Wenn Sie gerade diesen Artikel lesen, so sitzen Sie mit hoher Wahrscheinlichkeit gerade an einem Computer, einem Tablet oder einem Smartphone. Warum ich das weiß liegt auf der Hand. Dieser Artikel ist via Internet publiziert worden und somit nur über dieses abrufbar. Über jenes Internet, welches mit unserem Rechner und unseren mobilen Endgeräten verknüpft ist.

Aber sind das Internet und generell Medien nicht überall um uns herum, ist das gut oder schlecht und spielt das überhaupt ein Rolle?

Unsere Abhängigkeit vom Internet. Ein simples Beispiel…

Der Medienpädagoge Lambert Zumbrägel verwendet in seinen Vorträgen sehr häufig die Frage: “Wenn eine Universität entscheiden müsste ob die Bibliothek oder das Rechenzentrum abgerissen wird, was glaubt ihr würde Platt gemacht werden?“ Ist die Frage auch noch so abwegig, ist die Antwort hingegen sehr leicht.

Die Bibliothek wäre weg, Bücher kann man digitalisieren. Ohne ein Rechenzentrum, eine Leitung nach draußen, ohne Internet würde das ganze System zusammenbrechen, und eine Bibliothek könnte in der heutigen Zeit nicht mal mehr Bücher verleihen.

…und mehr davon 

Ohne Internet könnten wir auch nicht mehr den Service nutzen per Karte im Supermarkt zu zahlen. Datenübermittlung in Sekundenschnelle, nur möglich dank des Internets.

Haben sie einen Thermomix® zu Hause? Ja genau der, der sich via WLAN die neusten Rezepte runterlädt, wenn Sie wollen sogar selbstständig.

Serien schauen, E-Mails schreiben, Shoppen, Essen gehen, Essen bestellen, den Weg finden, Textnachrichten schreiben, schon vor dem Ereignis die Eilmeldung von Spiegelonline auf dem Handy haben, alles nur dank des Internets

Und wann haben Sie das letzte mal einen Flug gebucht, oder ein Zugticket? Sind sie da extra noch ins Reisebüro gegangen?
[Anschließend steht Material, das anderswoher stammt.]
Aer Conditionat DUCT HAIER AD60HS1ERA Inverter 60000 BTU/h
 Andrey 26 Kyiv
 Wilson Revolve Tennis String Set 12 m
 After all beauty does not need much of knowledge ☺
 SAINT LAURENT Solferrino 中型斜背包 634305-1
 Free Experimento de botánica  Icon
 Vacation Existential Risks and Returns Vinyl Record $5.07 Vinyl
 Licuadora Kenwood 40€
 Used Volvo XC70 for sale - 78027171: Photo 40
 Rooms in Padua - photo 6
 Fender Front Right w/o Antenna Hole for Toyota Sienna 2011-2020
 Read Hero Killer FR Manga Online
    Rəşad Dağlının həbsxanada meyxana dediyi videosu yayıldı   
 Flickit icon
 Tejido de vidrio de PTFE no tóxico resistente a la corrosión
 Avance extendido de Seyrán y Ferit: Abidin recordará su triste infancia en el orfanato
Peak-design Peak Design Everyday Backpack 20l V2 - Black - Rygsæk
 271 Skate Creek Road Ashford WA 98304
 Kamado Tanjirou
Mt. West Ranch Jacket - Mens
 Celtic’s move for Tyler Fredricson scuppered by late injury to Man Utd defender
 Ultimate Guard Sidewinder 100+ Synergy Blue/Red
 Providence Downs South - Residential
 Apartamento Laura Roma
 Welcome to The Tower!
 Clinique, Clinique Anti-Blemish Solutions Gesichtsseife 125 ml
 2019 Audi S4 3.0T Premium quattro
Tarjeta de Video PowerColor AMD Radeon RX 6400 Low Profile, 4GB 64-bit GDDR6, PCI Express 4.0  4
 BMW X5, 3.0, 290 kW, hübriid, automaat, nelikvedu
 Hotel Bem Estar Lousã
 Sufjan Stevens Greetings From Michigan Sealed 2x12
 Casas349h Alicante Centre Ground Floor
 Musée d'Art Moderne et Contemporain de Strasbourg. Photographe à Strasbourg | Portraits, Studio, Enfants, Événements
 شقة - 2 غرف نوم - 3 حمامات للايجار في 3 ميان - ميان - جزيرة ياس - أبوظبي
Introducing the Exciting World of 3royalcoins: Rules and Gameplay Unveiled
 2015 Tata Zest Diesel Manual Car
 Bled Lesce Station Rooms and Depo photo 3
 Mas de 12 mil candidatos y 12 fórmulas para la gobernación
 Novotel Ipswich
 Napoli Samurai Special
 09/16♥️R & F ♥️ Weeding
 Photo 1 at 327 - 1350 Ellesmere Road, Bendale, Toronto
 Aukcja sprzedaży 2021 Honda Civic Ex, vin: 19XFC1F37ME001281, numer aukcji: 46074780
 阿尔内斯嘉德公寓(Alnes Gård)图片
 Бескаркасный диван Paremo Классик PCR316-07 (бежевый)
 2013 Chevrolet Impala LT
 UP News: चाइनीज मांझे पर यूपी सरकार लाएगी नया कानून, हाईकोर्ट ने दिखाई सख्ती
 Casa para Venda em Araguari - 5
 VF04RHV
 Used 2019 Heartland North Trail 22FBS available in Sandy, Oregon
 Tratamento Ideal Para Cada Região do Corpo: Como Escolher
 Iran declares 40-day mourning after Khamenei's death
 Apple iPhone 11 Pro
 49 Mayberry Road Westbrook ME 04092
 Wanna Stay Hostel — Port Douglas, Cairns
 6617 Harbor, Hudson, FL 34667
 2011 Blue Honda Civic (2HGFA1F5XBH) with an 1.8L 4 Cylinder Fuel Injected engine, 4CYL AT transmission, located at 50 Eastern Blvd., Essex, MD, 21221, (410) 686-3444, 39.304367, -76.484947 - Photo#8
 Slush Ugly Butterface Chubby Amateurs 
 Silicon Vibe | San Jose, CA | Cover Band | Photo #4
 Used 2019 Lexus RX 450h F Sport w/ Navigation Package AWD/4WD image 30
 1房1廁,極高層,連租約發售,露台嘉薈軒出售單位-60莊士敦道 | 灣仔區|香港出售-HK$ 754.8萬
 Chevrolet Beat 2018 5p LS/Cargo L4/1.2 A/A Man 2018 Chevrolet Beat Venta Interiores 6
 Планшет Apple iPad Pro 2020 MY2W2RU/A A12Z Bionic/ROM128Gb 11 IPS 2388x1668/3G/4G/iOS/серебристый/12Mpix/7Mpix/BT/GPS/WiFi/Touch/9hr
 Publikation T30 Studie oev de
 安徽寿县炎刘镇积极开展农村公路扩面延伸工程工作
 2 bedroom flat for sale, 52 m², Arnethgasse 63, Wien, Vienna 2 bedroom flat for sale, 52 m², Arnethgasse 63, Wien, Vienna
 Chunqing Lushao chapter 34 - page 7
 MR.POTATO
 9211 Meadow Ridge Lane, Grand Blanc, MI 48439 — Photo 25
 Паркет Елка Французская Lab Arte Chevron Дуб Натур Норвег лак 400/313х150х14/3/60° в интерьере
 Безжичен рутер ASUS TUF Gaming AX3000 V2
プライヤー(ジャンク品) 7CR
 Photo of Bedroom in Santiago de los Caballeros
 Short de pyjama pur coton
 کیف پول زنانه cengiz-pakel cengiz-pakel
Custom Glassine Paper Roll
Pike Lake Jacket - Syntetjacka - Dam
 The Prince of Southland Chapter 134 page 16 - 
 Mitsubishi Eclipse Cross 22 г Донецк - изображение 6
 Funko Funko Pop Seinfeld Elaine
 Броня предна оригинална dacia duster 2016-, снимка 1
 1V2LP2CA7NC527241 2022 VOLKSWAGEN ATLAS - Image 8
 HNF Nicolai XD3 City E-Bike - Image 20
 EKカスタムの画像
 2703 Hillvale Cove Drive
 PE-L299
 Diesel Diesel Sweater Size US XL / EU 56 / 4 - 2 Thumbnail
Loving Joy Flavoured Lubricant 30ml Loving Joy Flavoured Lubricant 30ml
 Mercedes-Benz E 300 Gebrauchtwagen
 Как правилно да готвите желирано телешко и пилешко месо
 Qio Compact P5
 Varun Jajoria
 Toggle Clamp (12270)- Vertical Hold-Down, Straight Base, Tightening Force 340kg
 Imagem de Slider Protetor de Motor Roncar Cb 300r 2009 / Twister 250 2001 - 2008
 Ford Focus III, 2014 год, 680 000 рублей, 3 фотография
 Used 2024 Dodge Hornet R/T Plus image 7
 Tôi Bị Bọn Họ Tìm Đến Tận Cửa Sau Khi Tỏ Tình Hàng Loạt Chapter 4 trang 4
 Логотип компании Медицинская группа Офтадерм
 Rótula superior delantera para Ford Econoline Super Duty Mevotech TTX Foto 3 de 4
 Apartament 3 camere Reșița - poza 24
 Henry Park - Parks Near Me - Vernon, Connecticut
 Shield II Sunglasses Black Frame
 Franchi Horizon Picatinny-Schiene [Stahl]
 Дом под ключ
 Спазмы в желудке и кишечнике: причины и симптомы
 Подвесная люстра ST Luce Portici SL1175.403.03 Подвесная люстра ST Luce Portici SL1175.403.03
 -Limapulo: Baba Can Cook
Ganze Sicherheitssysteme funktionieren via Internet. Behörden, Regierungen, Militär alle verlassen sich darauf, dass das Internet funktioniert.

Die Folgen

Es gibt drei Dinge die man fest sagen kann:

  1. So gut wie jeder Mensch nutzt das Internet, die Mehrheit davon täglich
  2. Wir kommen schwer drum rum
  3. Immer mehr Content bzw. Medien wird/werden ausschließlich über das Internet verbreitet

Eigentlich ist jedem bewusst, dass das Internet uns alle, zumindest in der westlichen Welt, prägt und permanent um uns ist. Aber es gibt Leute, die das nicht akzeptieren wollen bzw. als negativ betrachten. Das Internet, der böse Feind, der unsere Kinder kaputt macht.

Falsch. Wir müssen anfangen die modernen Medien als etwas Positives zu sehen oder zumindest etwas Positives daraus machen. Bringen wir doch unseren Kindern bei wie toll diese Medienwelt mit ihren nahezu unbegrenzten Möglichkeiten ist. Betreiben wir Medienerziehung anstatt Internet und Co. möglichst weit von unseren Schützlingen fernzuhalten. Fangen wir an unsere Kinder zu den Menschen zu machen, die vielleicht mal besser mit dem ganzen Thema umgehen können als wir das gerade machen.

An Schulen in vielen Bundesländern sind Handys verboten. Wäre dies nicht der Fall, könnte man Smartphones in den Unterricht einbauen. Damit arbeiten, und das produktiv und nicht nur konsumierend. Schon würde aus dem reinen Daddelspielzeug Handy ein Gerät, mit dem ich Dinge erschaffen kann, arbeiten kann, mich ausleben kann, meine Zukunft gestalten kann und mich später vielleicht mal in dieser Medienwelt zurechtfinde.

Das Zeitalter der digitalen Welt ist da. Wir können nicht darüber diskutieren, ob das jetzt gut ist oder schlecht. Wir können nur versuchen das beste draus zu machen und die Menschen darauf vorzubereiten, die „nur noch“ im digitalen Netz arbeiten werden.

 

Begriffsdefinition „Medien“

Sammelbegriff für alle audiovisuellen Mittel und Verfahren zur Verbreitung von Informationen, Bildern, Nachrichten etc. Zu den Massenmedien zählen insbesondere die Presse (Zeitungen, Zeitschriften), der Rundfunk (Hörfunk, Fernsehen) und in zunehmendem Maße auch das Internet.